Rob Heppell is an artist, director and writer based in London, working with 3D animation & VFX.
He makes music videos, illustration and video art with a strong narrative focus for exhibitions, installations and broadcast events.
Over the past three years, he has been working extensively at Somerset House Studios with Gaika to develop installation art, music and commercial projects.
He has also been developing his own projects and working with other artists as projects come up. Some of this projects are music videos for artists like Nazar, Crystal Fighters, visuals for the FOLD club in London together with the artist Gaika, and others.
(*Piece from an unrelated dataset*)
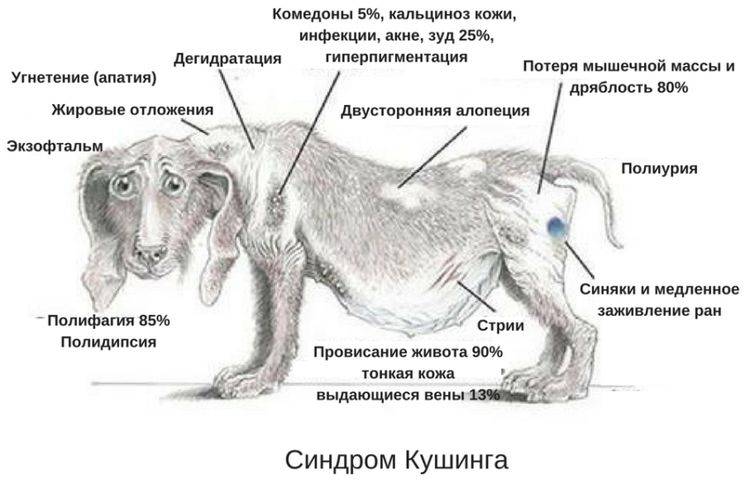 Особенности дирофиляриоза у собак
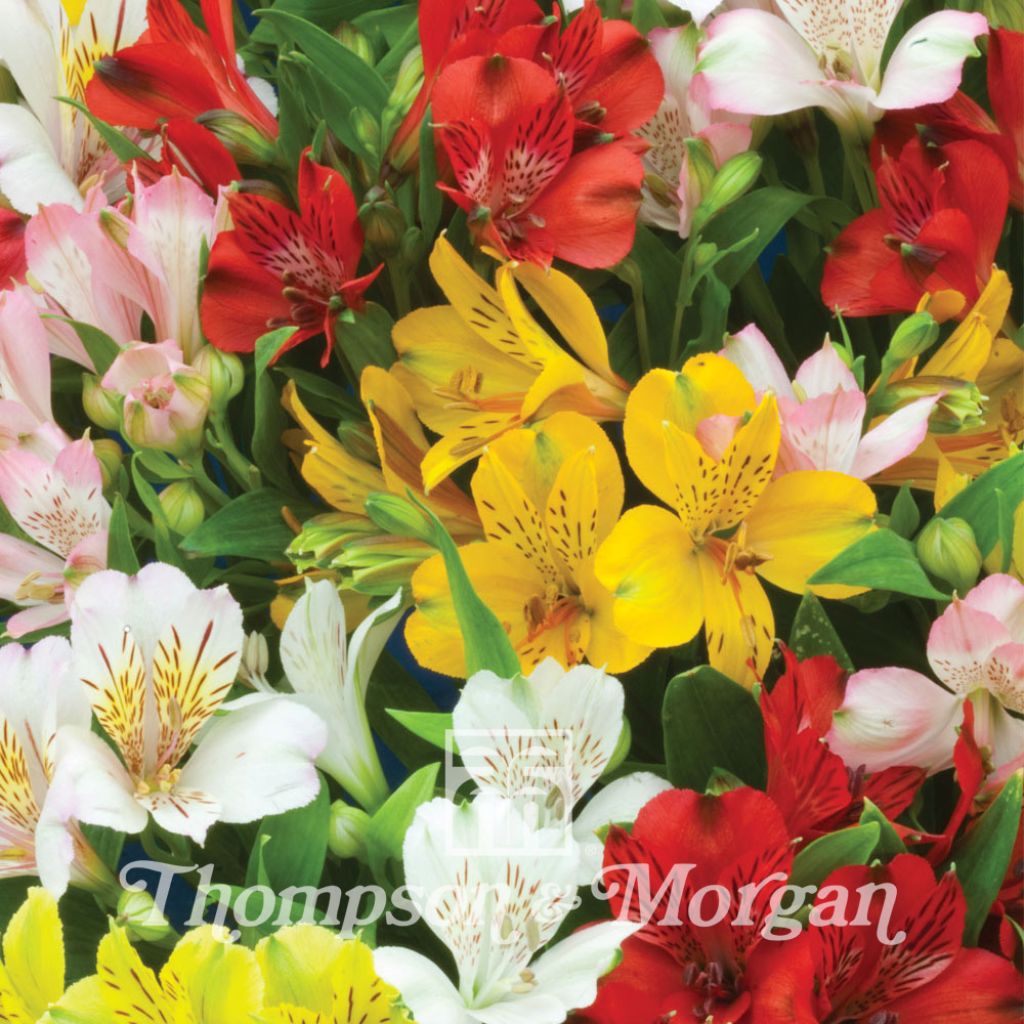 Alstroemeria Ligtu Hybrids (Samen) - Inkalilie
We are closely keeping an eye on this audiovisual artist because of his creative and unique projects related to the London based independent label Hyperdub, created by Kode9.
The label has its own identity. His style leaves us astonished, like the Rob Heppel´s visuals. A dark, provocative, sci-fi audiovisual narrative arising from a sensorial and introspective background.
Rob Heppel has also been collaborating with musician Gaika for Hyperdub at Corsica Studios, London in 2019.
One of his many artworks is “Lamborghini copz” , a 360 Film & -3 Channel / 26 Minute Holographic Installation.
Lamborghini Copz is a speculative fiction work of expanded cinema about the development of Brexit, created in collaboration with Gaika for an installation at Hyperdub’s Ø night at Corsica Studios.
Another strong artwork is an installation prototype he built for the exhibition Get Up, Stand Up Now in Somerset House in 2019.
A major new exhibition celebrating the past 50 years of Black creativity in Britain and beyond.
And my favourite one, is the music video for Nazar – “Bunker” in 2020 because of the originality of the technical production when expressing the background of the song.
For this video, Nazar told Rob Heppel about the situation in Angola in 1992; after 17 years of the civil war with the countless lives destroyed between warring factions – the ruling MPLA agreed to hold an election.
After researching the Angolan civil war, Rob Heppell wanted to create something representing the right emotional context for the song.
Claustrophobic ruptured rooms, skeletal remains of luxury hotels, the transformation of personal space turned into political no-man’s land through extreme violence, the shifting centre of an infinite war.
The camera moves as the memory of a soul whirl-winding through a city, right after a coup.
I absolutely love this complex and thoughtful audiovisual artist. His work is fresh and original. Not only because he mixes the different tools to achieve a particular result but also because of the way of expressing an idea. In many cases an idea with a strong reflection of reality.